=== Begin Enclosure ===
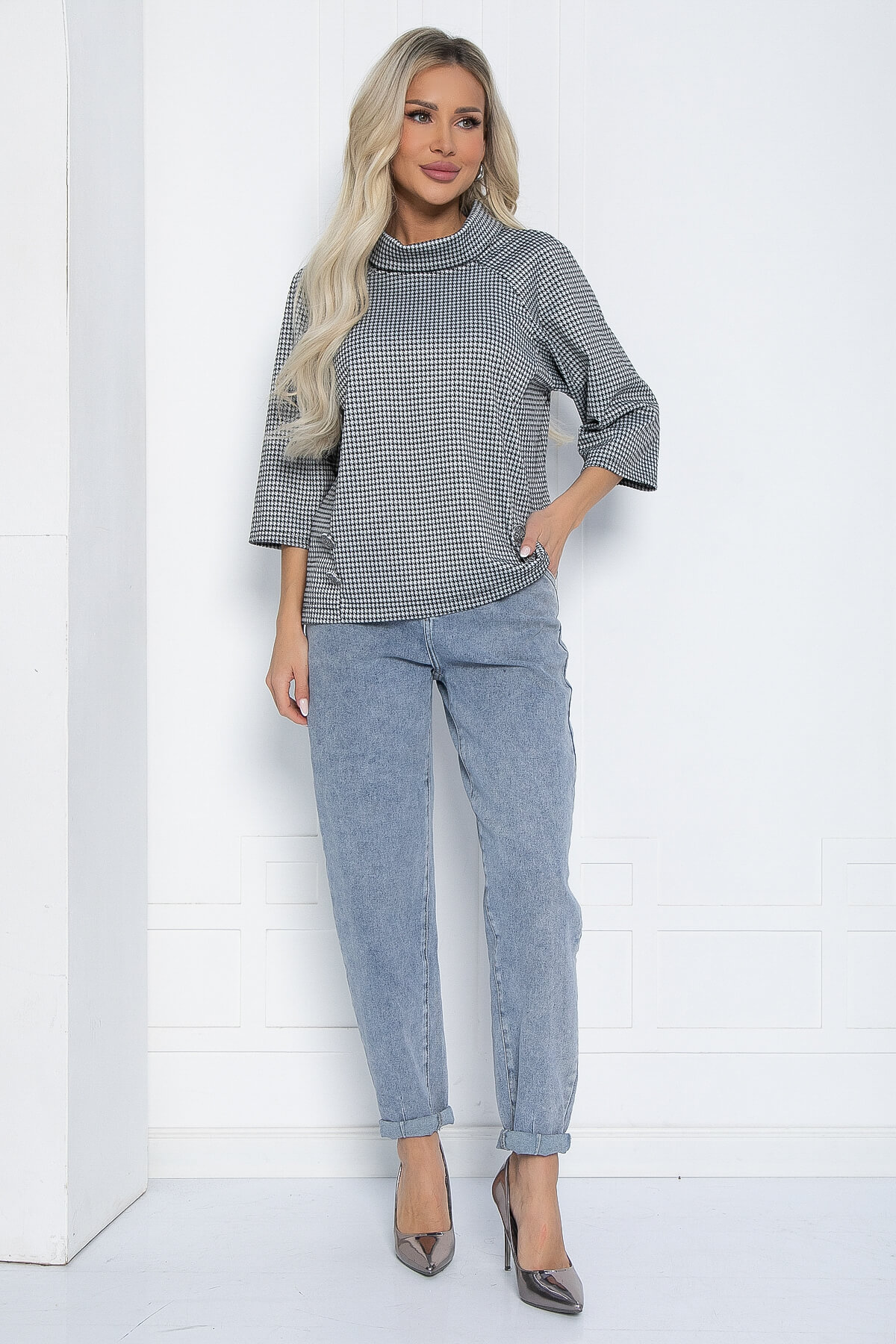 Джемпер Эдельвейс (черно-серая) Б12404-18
=== End Enclosure ===
=== Begin Enclosure ===
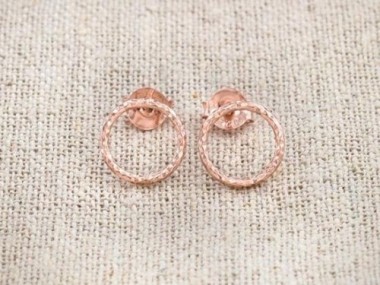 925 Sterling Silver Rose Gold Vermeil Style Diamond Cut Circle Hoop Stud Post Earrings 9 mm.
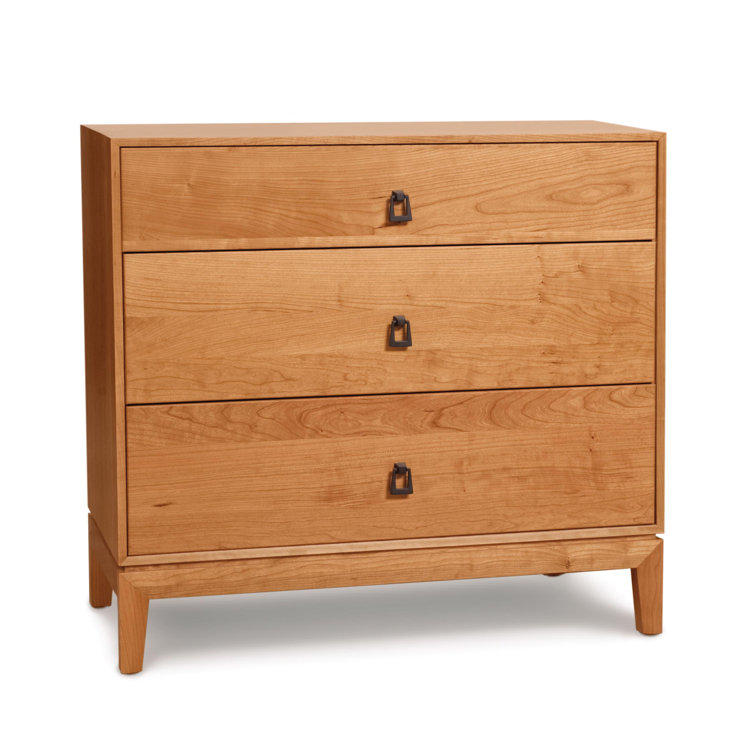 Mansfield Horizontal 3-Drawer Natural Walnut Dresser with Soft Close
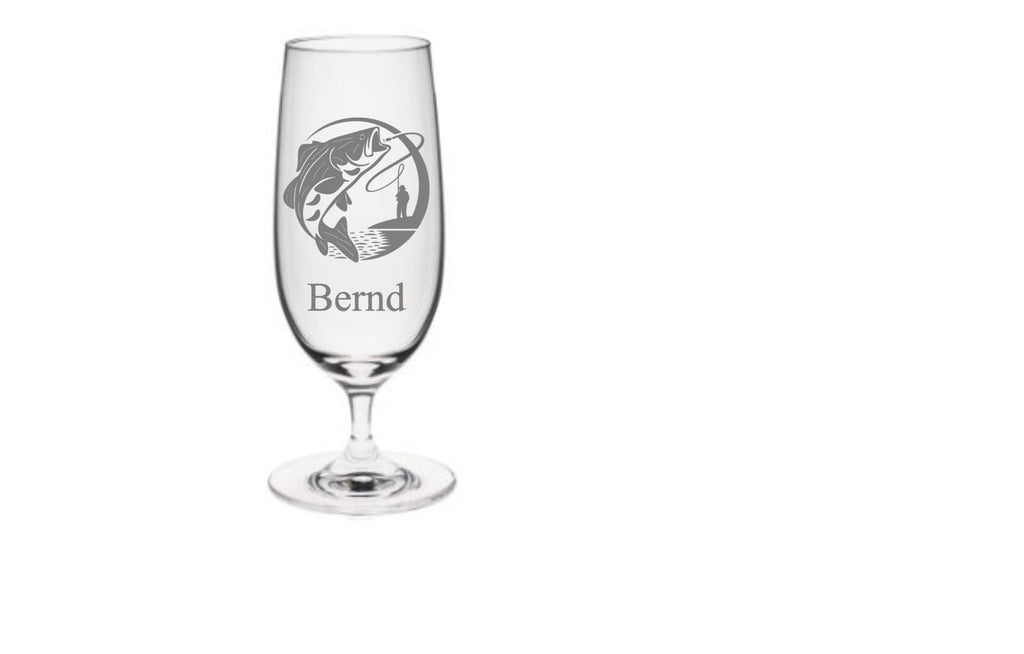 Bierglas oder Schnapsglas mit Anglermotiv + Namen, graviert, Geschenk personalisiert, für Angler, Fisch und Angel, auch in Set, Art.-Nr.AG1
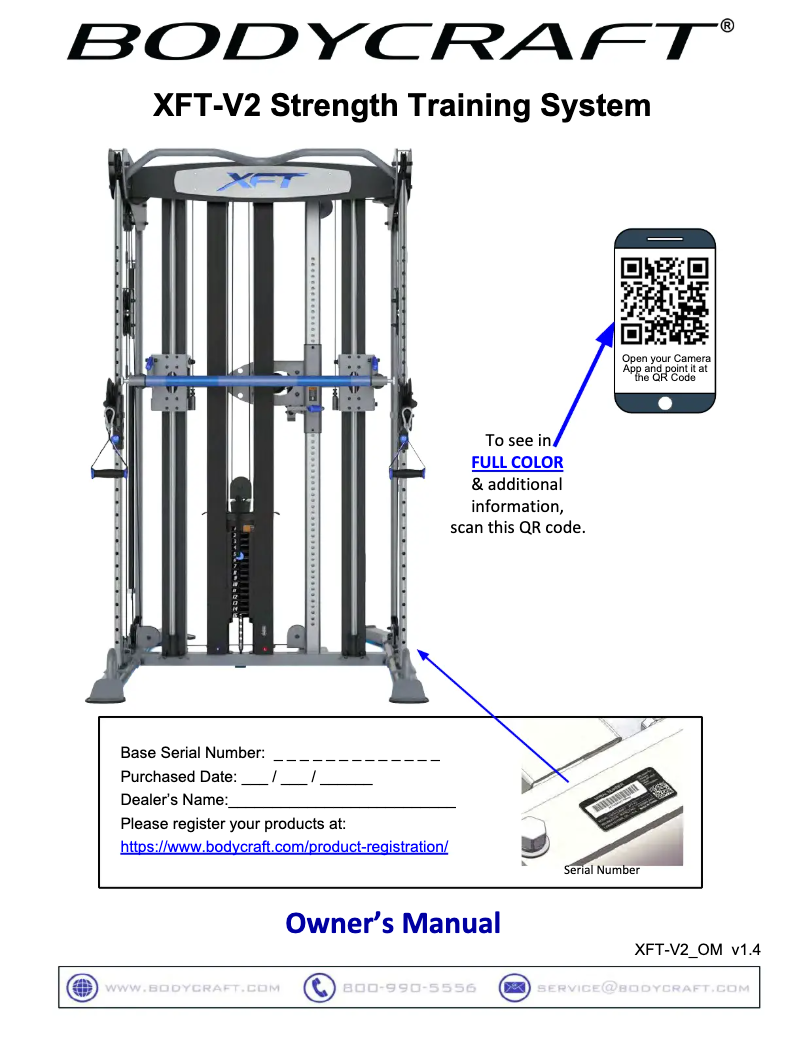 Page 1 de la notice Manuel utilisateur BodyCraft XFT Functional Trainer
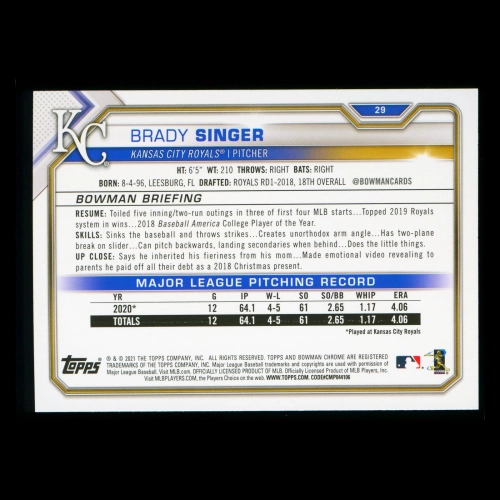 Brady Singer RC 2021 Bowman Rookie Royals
=== End Enclosure ===
BRIEF ->
Exact copy, pictures excluded: from the line with "Bierglas oder Schnapsglas" up to and including the line with "Brady Singer RC 2021 Bowman Rookie Royals" in the data above.

WRITTEN ANSWER ->
 Bierglas oder Schnapsglas mit Anglermotiv + Namen, graviert, Geschenk personalisiert, für Angler, Fisch und Angel, auch in Set, Art.-Nr.AG1
 Page 1 de la notice Manuel utilisateur BodyCraft XFT Functional Trainer
 Brady Singer RC 2021 Bowman Rookie Royals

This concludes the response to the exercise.